Dataset extract:

-.-.-

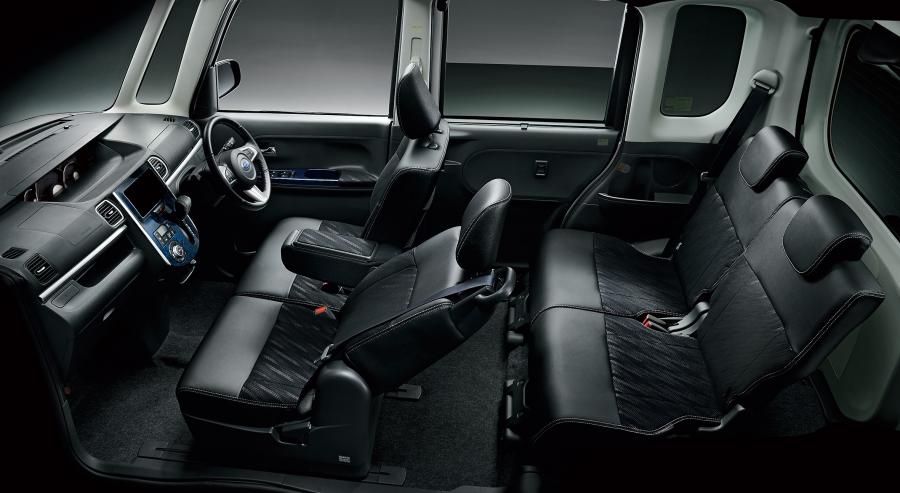 Интерьер Subaru Chiffon Custom 2016 года  (фото 2 из 5)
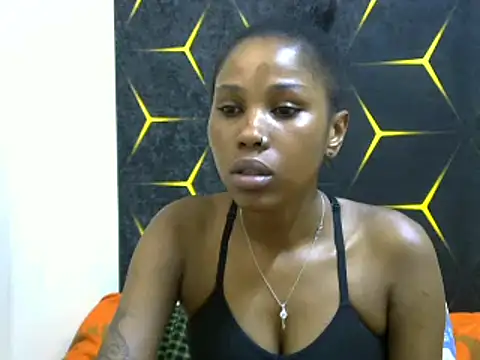 Snapshot of miss_lyne001 chatting on February 23, 10:17 am miss lyne001 online show from February 23, 10:17 am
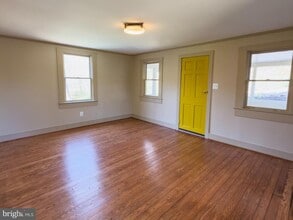 37905 Snickersville Turnpike in Purcellville, VA - Building Photo - Building Photo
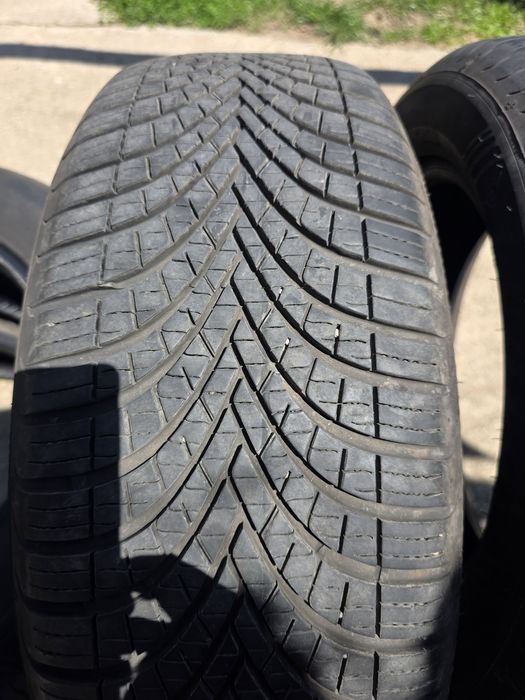4 Anvelope Dunlop All Season 2XL M+S 215/60R17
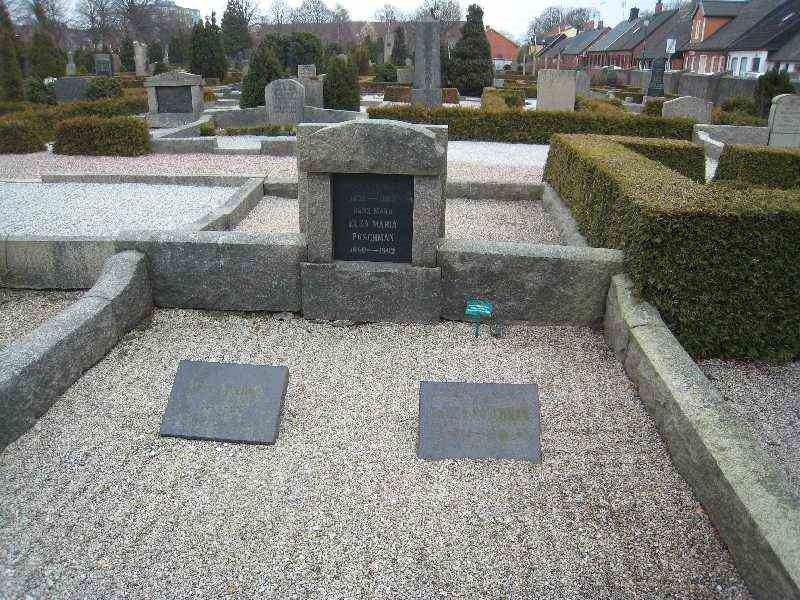 Grave number: VK III    54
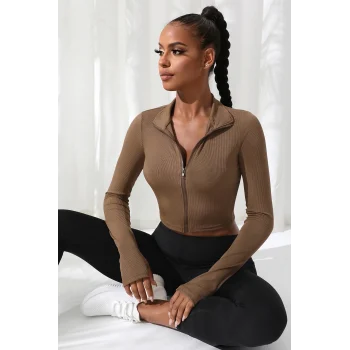 Kadın Kahverengi Uzun Kol Fermuarlı Parmak Geçme Detaylı Dik Yaka Crop Top Bluz – Şık, Rahat ve Kolay Kombinlenebilir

-.-.-

What is expected: Retype every entry exactly, but keep the pictures out of your copy.

Response to this exercise:
 Интерьер Subaru Chiffon Custom 2016 года  (фото 2 из 5)
 Snapshot of miss_lyne001 chatting on February 23, 10:17 am miss lyne001 online show from February 23, 10:17 am
 37905 Snickersville Turnpike in Purcellville, VA - Building Photo - Building Photo
4 Anvelope Dunlop All Season 2XL M+S 215/60R17
 Grave number: VK III    54
 Kadın Kahverengi Uzun Kol Fermuarlı Parmak Geçme Detaylı Dik Yaka Crop Top Bluz – Şık, Rahat ve Kolay Kombinlenebilir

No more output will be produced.